A descoberta da tela do pintor francês obrigará o autor de "Iconografia Paulistana" a rever a próxima edição do livro. "Assim determinaram esses deuses estranhos que protegem os pesquisadores", comenta Corrêa do Lago.
Não há saída para o autor: por seu valor artístico, dimensões, suporte considerado nobre (tela) e antecedentes históricos, o panorama de Pallière é mais significativo que as vistas de São Paulo pintadas em 1827 pelo francês Jean-Baptiste Debret (1768-1848)- aquarela sobre papel na Fundação Maria Luísa e Oscar Americano, SP- e pelo alemão Eduardo Hildebrandt (1818-1868) -óleo sobre papel no Museu Estatal de Berlim)-, também presentes na Mostra do Redescobrimento.

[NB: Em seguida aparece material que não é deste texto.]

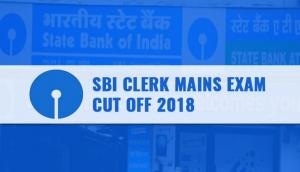 SBI Clerk Mains Exam Cut off 2018: Here's the cut off based on the questions asked in the exam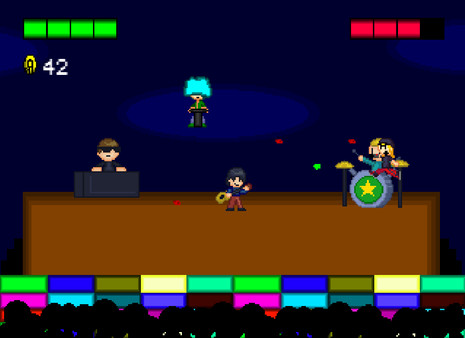 Screenshot z Dynamite Alex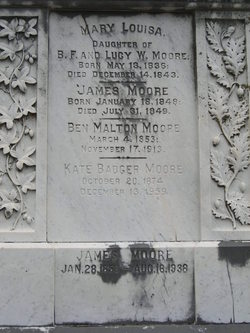 Catherine “Kate” <I>Badger</I> Moore 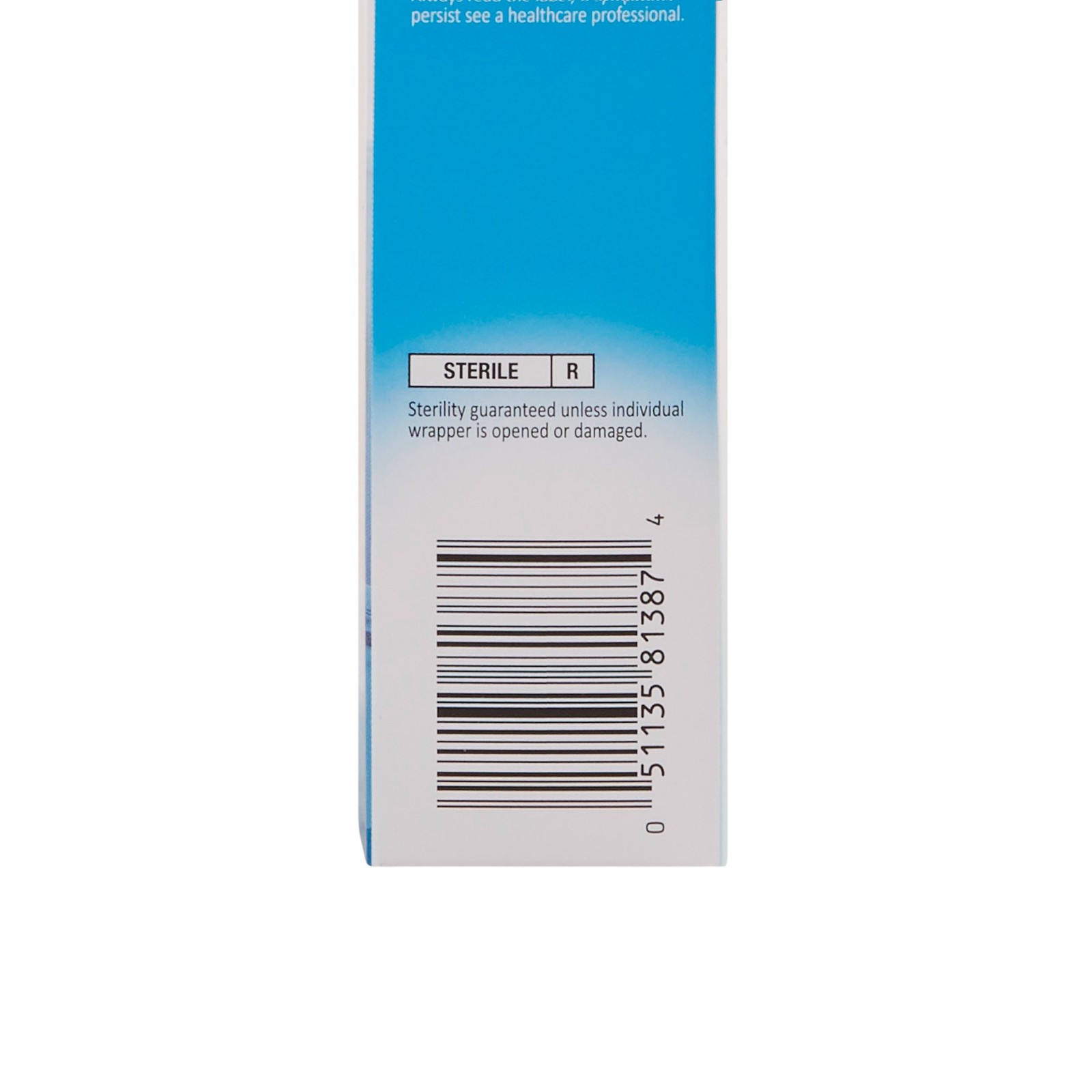 3M Nexcare Waterproof Sheer Plastic Adhesive Bandage 2-3/8 X 3½ Inch 8 per Box
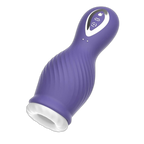 DragonLick - Silicone Male Masturbator - Vibrating & Suction Stroker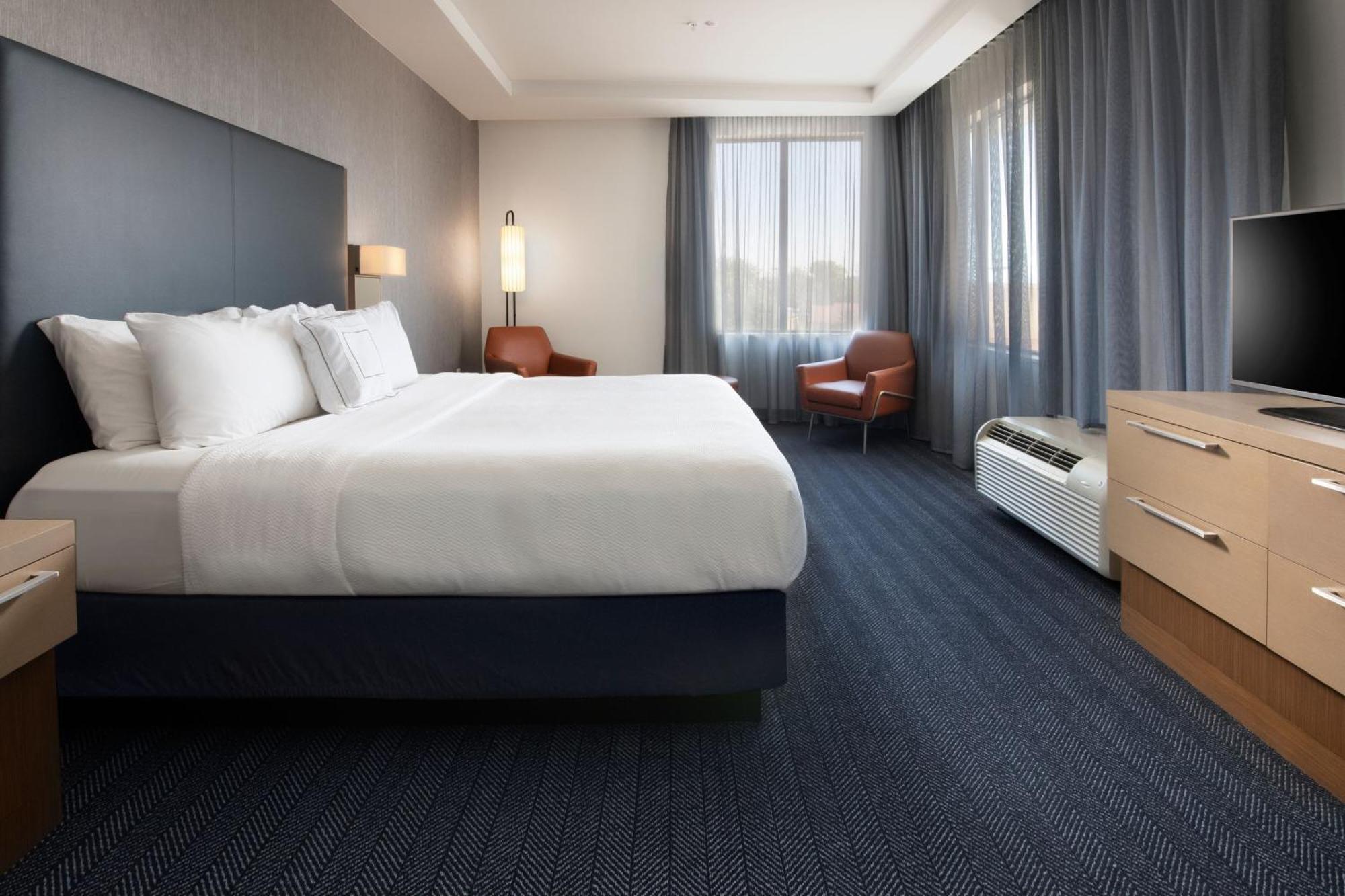 Courtyard By Marriott Lubbock Downtown/University Area Eksteriør bilde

"A de Pallière é a mais antiga vista geral conhecida da cidade e a mais abrangente. Com essa obra -fundamental numa iconografia exígua, já que o Rio tem cem vezes mais itens-, é possível conhecer enfim uma São Paulo de cerca de 20 mil habitantes e 50 ruas, ou seja, um milésimo do tamanho atual, e saber que a cidade permaneceu inalterada por 40 anos, já que as primeiras vistas tomadas em fotos por Militão (de Azevedo), em 1862, revelam cenário idêntico", assinala o curador.
A pintura mostra a linha de construções ("skyline") da extensa colina da fundação da cidade, incluindo a casa da marquesa de Santos e o Colégio Jesuíta, vistos a partir da Várzea do Carmo, ou seja, mais ou menos do ponto onde se se encontra hoje o bairro do Brás, às margens do Tamanduateí utilizado à época por lavadeiras. O artista tentou dar movimento à paisagem, retratando grupos de tropeiros em primeiro plano.
A tela, cujos proprietários cariocas preferem manter-se anônimos, deverá ser vista por pelo menos 1 milhão de visitantes apenas na cidade de São Paulo, conforme as expectativas da Associação Brasil 500 Anos Artes Visuais, organizadora da mostra. Depois de São Paulo, um conjunto reduzido de obras do módulo "O Olhar Distante" faz itinerância brasileira, seguindo em novembro para o Museu de Arte da Bahia, conforme acertou esta semana, em Salvador, Pedro Corrêa do Lago.
Nota do blog: Depois deste evento o quadro foi comprado pelo Banco Itaú e atualmente integra a Coleção Brasiliana Itaú na cidade de São Paulo/SP.